In accord with opinions from the 2nd, 3rd and 4th Circuits, she argued that the right to arms outside the home is far from the core of the Second Amendment. Accordingly, no more than intermediate scrutiny should apply. Especially when considering the unique needs of the densely populated District, with it many security concerns, courts should defer to the D.C. Council’s judgment that a near-total ban on carrying would promote public safety.

Conclusion: Lower federal court judges have varied widely in how rigorously they apply the Supreme Court’s Heller decision. Some, like Judge Henderson, have opted for a very weak form of intermediate scrutiny (or even less) that will uphold just about every gun control other than a handgun ban. Others have applied a more vigorous review, and have found some (but certainly not all) gun controls to be unconstitutional. (For a survey of the decisions, see Kopel & Greenlee, “The Federal Circuits’ Second Amendment Doctrines,” 61 St. Louis U.L.J.  193 (2017).)

In my view, the Wrenn majority correctly followed Heller, which teaches that total bans (or 99 percent bans) applied to law-abiding citizens are categorically unconstitutional. Notably, the Wrenn decision acknowledges Heller‘s dictum that carrying may be prohibited “in sensitive places, such as schools and government buildings.” Given the multitude of government buildings in the District, there are still many places where carrying may be prohibited. However, when a woman is walking at night from her apartment to an automobile parking lot, the District may not prohibit her from being able to defend herself.

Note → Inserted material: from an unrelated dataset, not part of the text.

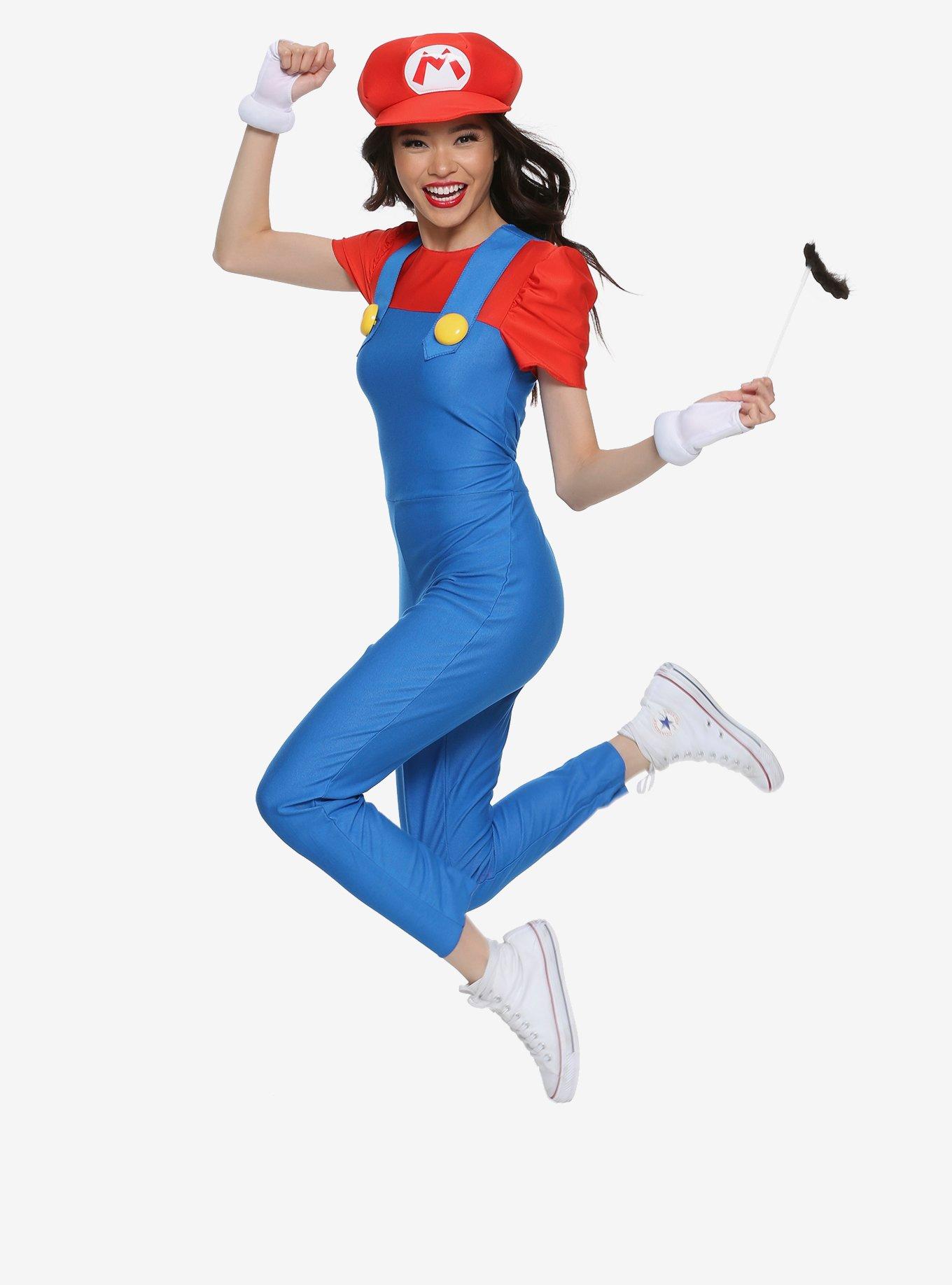 Super Mario Bros. Mario Deluxe Girls Costume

As explained elsewhere in The Post, “The ruling from a three-judge panel gives city officials 30 days to decide whether to appeal for review by a full complement of D.C. Circuit judges. If the court does not agree to revisit the case sitting as an en banc panel, the order would take effect seven days later.” After losing in Parker and Heller III, the D.C. attorney general petitioned for en banc review, which requires an affirmative vote by the majority of non-senior Judges. Neither petition was granted.